AIM OF THE EXERCISE: Output, exactly and in full, only the lines from the one containing "GIA Certified South" to the last line of the data. Pictures should not appear.
··· EXERCISE MATERIAL ···
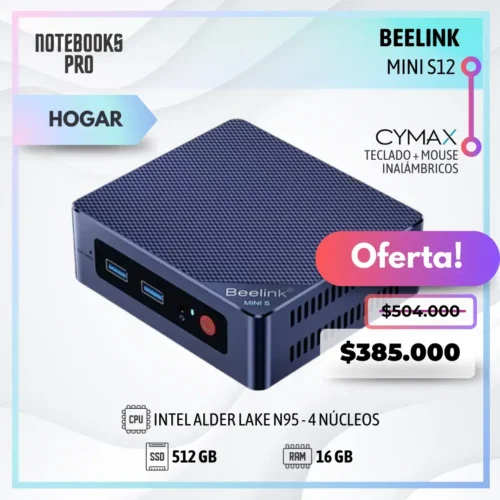 MINI PC BEELINK MINI S12 - INTEL ALDER LAKE N95 - SSD 512 GB - 16 GB RAM - 4 Núcleos
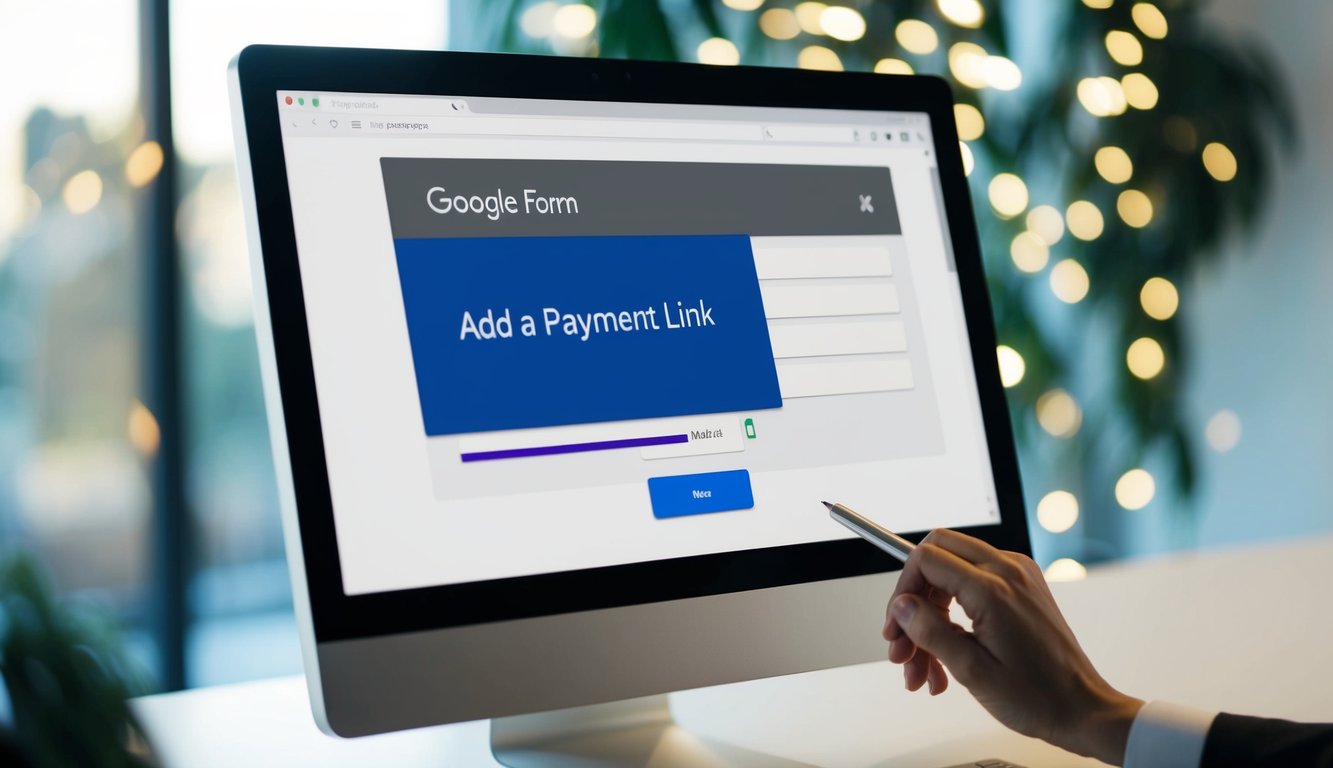 A computer screen displaying a Google Form with a highlighted section for adding a payment link. A cursor hovers over the designated area, ready to input the necessary information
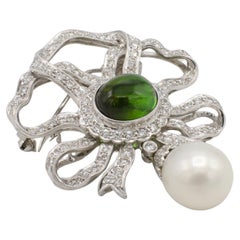 GIA Certified South Sea Cultured Pearl & Tourmaline Natural Diamond Brooch Pin
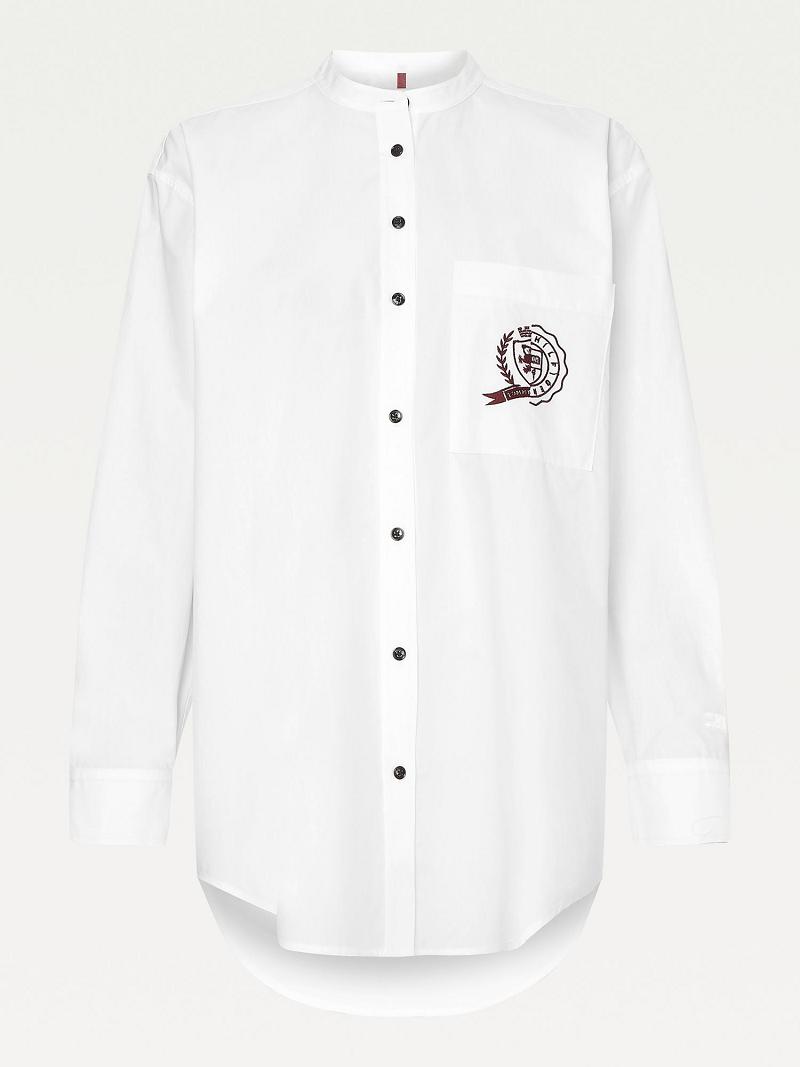 White Tommy Hilfiger Icon Organic Cotton Crest Boyfriend Shirts | NZ_W21284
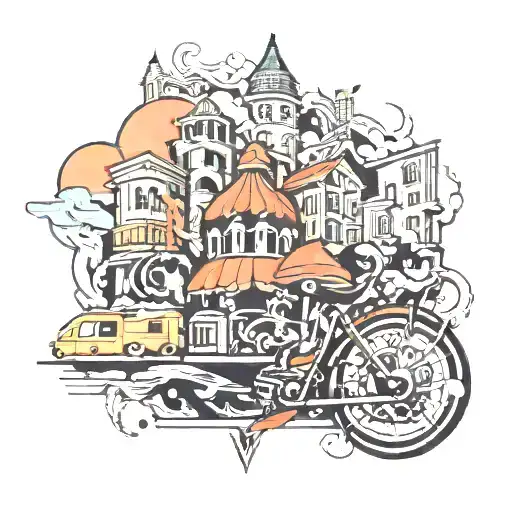 city tattoo design idea
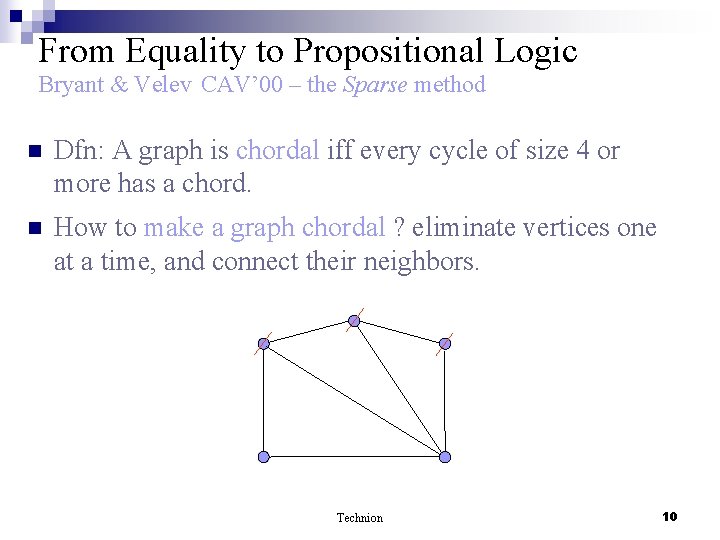 From Equality to Propositional Logic Bryant & Velev CAV’ 00 – the Sparse method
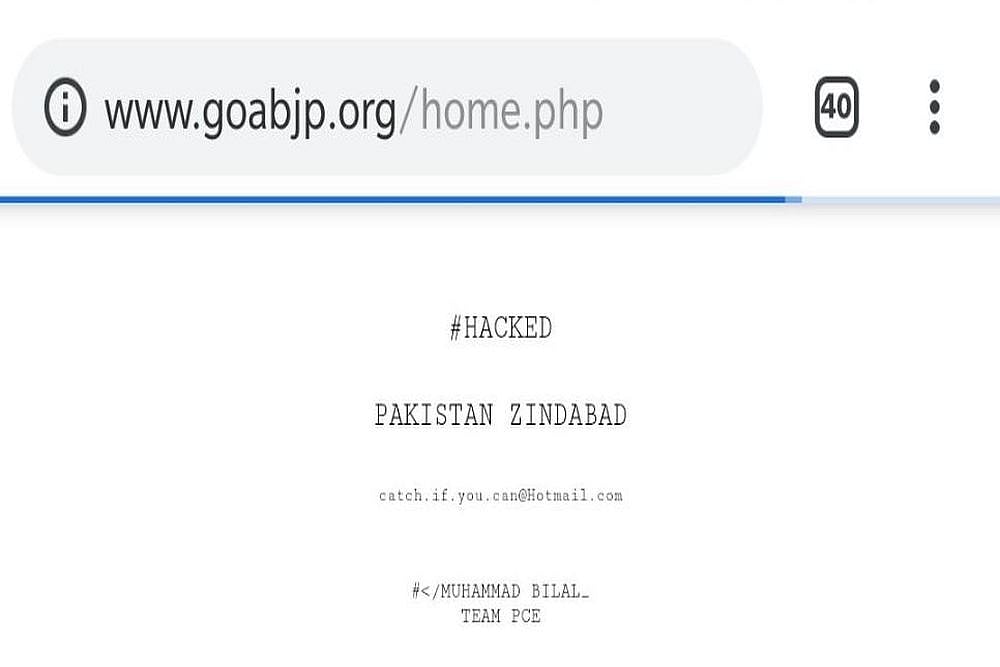 Goa BJP Website Hacked, 'Pakistan Zindabad' Message Posted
···
RESULT FOR THIS EXERCISE:
 GIA Certified South Sea Cultured Pearl & Tourmaline Natural Diamond Brooch Pin
 White Tommy Hilfiger Icon Organic Cotton Crest Boyfriend Shirts | NZ_W21284
 city tattoo design idea
 From Equality to Propositional Logic Bryant & Velev CAV’ 00 – the Sparse method
 Goa BJP Website Hacked, 'Pakistan Zindabad' Message Posted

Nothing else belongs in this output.